Hacker News new | ask | show | jobs
by evincarofautumn 4814 days ago
This is a bad idea. I can come up with a TODO at any time; I especially do when I’m in the middle of something and have staged local changes. In that case, this:

    git commit --allow-empty -m "TODO: $*"
Will do the wrong thing—committing my staged changes even if I didn’t want that, and giving them a wrong commit message. If the change is small, I might not notice. If I were going to involve Git in my task tracking, I would much prefer something like this:

    todo() {
      touch TODO
      printf "%s\n%s\n\n" "$(date)" "$*" | cat - TODO > TODO.tmp
      mv TODO.tmp TODO
      $(git config core.editor) TODO
    }
1 comments

Before reading the article, I thought it was going to be about keeping a TODO file in your revision control so that you can see when things are added/removed by reviewing the history.
Right. I prefer GitHub issues nowadays, but a TODO file is totally reasonable.
I think it's particularly nice because you can see which tasks exist on which branch, in an ideal world, at least.
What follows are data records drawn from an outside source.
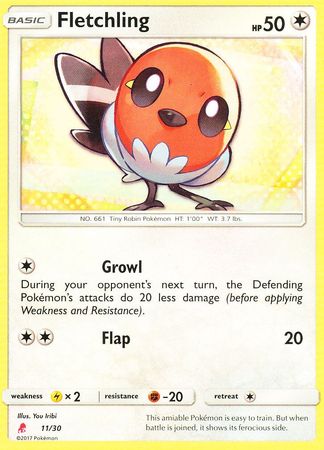 Fletchling (11/30) [Sun & Moon: Trainer Kit - Lycanroc] | Game Haven TX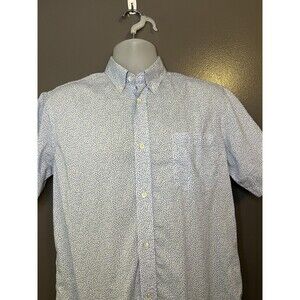 Liberty London Shirt Mens 15 1/2 Blue Floral Print Short Sleeve Button Up Casual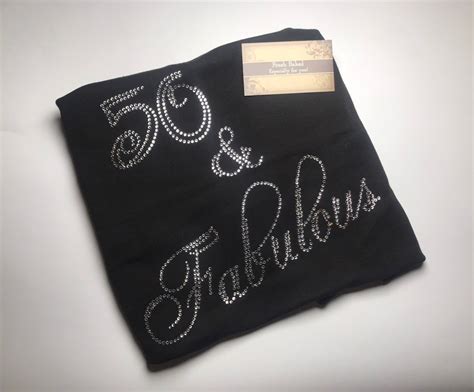 Custom Rhinestone Bling 50 And Fabulous Shirt 50th Birthday Etsy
It doesn't make sense to me to have a global bug repository that may or may not be present on any given branch or checkout of your repository.

That is one advantage of on-branch distributed bug tracking. One advantage you also get, which is more important on large projects, is knowing which bugs have had their fixes merged into the branch you are working on. This is a bit unwieldy with just text TODO files since you have to keep finished TODOs around and then merge them, usually manually solving conflicts, as changes move between branches. For this purpose I use a dedicated distributed bug tracker https://github.com/travisb-ca/nitpick after I had evaluated pretty much all the alternatives.

For a very small team a simple text file can work, but for teams of more than a handful some tool support is necessary.

I do this with tdl and add the .tdldb file to my commits. Works great!
Funny that neither Google nor Bing know what "tdl" is on the first page of results; luckily, tdldb makes it work.
I've done it with a markdown file before - what are the advantages of tdl? (Never heard of it until now)
Ditto. I have a todo.md in almost all of my git repositories. Once I finish a feature, I delete the line from the todo file and throw it in the same commit.